İsrail-Filistin savaşı on yıllardır devam ediyor. Savaş, 7 Ekim’de Hamas’ın İsrail’e yönelik saldırısının ardından yeniden dünya gündemine oturdu. İsrail’in Hamas’ın eylemlerine tepkisi ise çok sert oldu ve olmaya devam ediyor. Özellikle Batı dünyası İsrail’in “meşru müdafaa” hakkı olduğunu ve sonuna kadar İsrail’in yanında olduklarını belirtiyor. Peki İsrail’in Gazze’ye yönelik saldırıları, gerçekten Hamas’ın saldırısının bir neticesi mi? Bu soruya yanıt verebilmek için biraz tarihe bakmak gerekiyor. Bugün Gazze’de milyonlarca insanın yerinden edilmesi; elektriğin ve suyun kesilmesi; hastanelerin, okulların, ambulansların, mülteci kamplarının, evlerin bombalanması; çocukların, kadınların, yaşlıların, hastaların, insanların öldürülmesi; Batı Şeria’da Filistinlilerin zorla çıkarıldığı yerlere yeni Yahudi yerleşimlerin kurulması, Mescidi Aksa’da cuma namazı kılınmasının asker ve polis müdahalesiyle sert bir şekilde engellenmesi, Hamas’ın eylemlerinin sonucuyduysa 2008, 2014, 2021’de öldürülen masumların sebebi neydi?
İsrail’in BM kararlarını hiçe sayan yerleşim yerleri inşası, Oslo sürecine aykırı tutumu, 1948 ve 1967 Sözleşmelerini uygulamaması yani uluslararası hukuku hiçe sayması yeni bir şey değil. Üstelik İsrail devleti yalnızca BM Kararlarına uymadığı, barış sürecini işletmediği, 1967 Sözleşmesine uymadığı için uluslararası hukuku ihlal etmiyor. Aynı zamanda savaş suçu, insanlığa karşı suç, etnik temizlik ve soykırım suçları işlediği için de uluslararası hukuku ihlal ediyor.

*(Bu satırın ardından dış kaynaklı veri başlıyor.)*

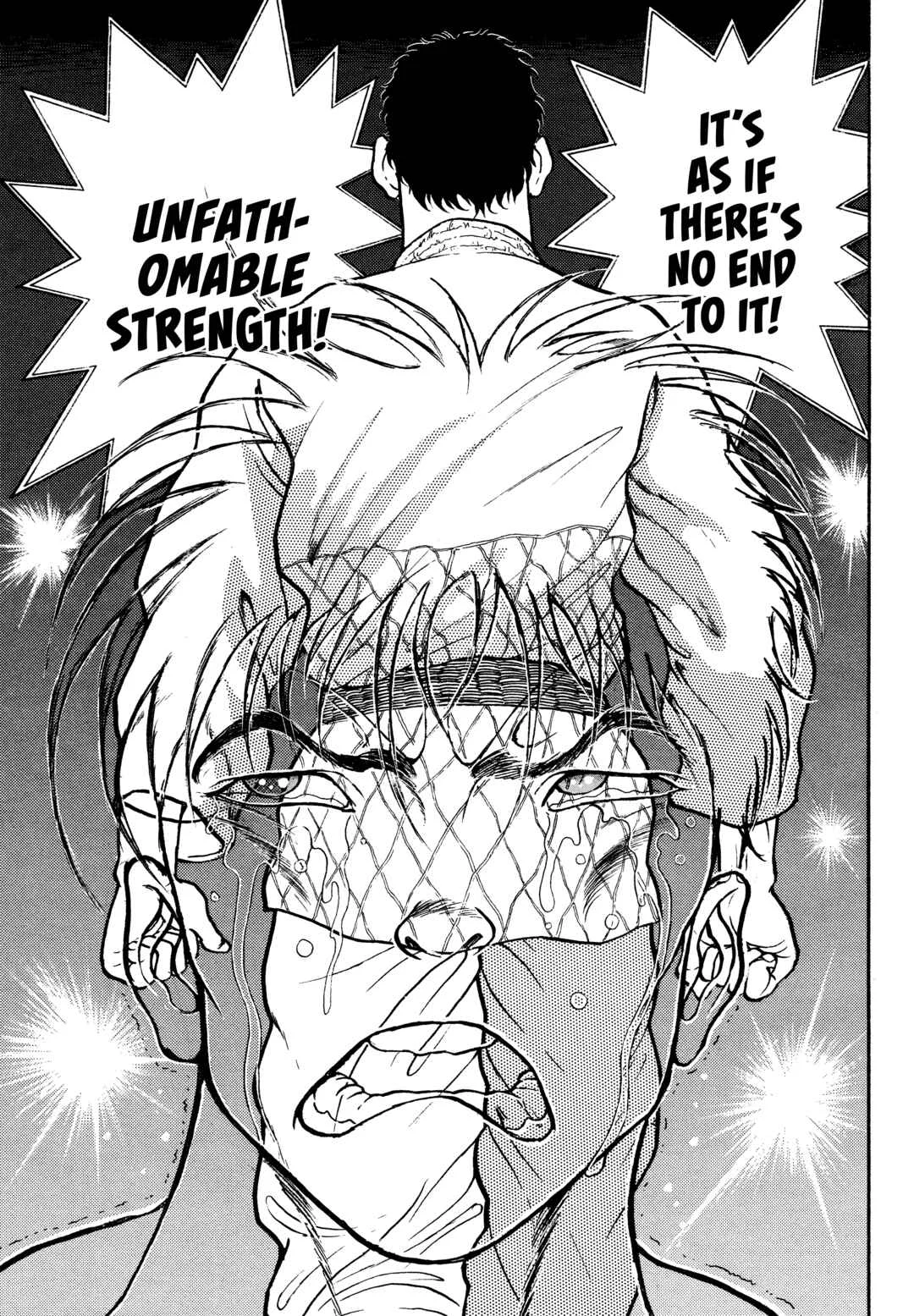 Keisuke Itagaki's Elusive Uncollected Works Chapter 1: SHOOT - Page 24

Nitekim 1948 Soykırımın Önlenmesi ve Cezalandırılması Sözleşmesi’nin ‘soykırım’ tanımında geçen “belirli bir insan topluluğunun; milliyeti, ırkı, etnik kökeni veya dini dolayısıyla tümünün ya da bir bölümünün yok edilmesi niyeti” İsrail devletince sahip olunan bir niyettir. Aynı şekilde yine Sözleşmedeki “topluluk üyelerini öldürme”, “topluluk üyelerine ciddi fiziki ve zihinsel zarar verme”, “topluluk üyelerini bilerek tamamen ya da kısmen fiziksel yok oluşa götürecek yaşam şartlarına tabi tutma” gibi eylemlerin tamamı da defalarca Filistinlilere karşı İsrail devleti tarafından uygulandı ve uygulanıyor.
Elbette biz şunu çok iyi biliyoruz ki uluslararası hukuk Filistin için, Bosna için, Doğu Türkistan için, Somali için, Irak için, Afganistan için çokça esnetilebiliyor. Bu filmi defalarca farklı yerlerde izledik. Filistin’de de yıllardır izlemeye devam ediyoruz. Bir örgüt İsrail’e çeşitli saldırılar düzenledi diye ABD ve İngiltere İsrail’e uçak gemileri, sayısız mühimmat gönderiyor ve en yetkili ağızlardan tam destek açıklıyor. ABD Başkanı Biden, Netenyahu ile görüşüp İsraillilerin trajedisini anlatıp, “hastane saldırısını da diğer ekip yapmış görünüyor” gibi lakayt bir açıklama yapıyor. Peki Gazze yerle bir edilirken nerede bu “uluslararası hukuk savunucuları”?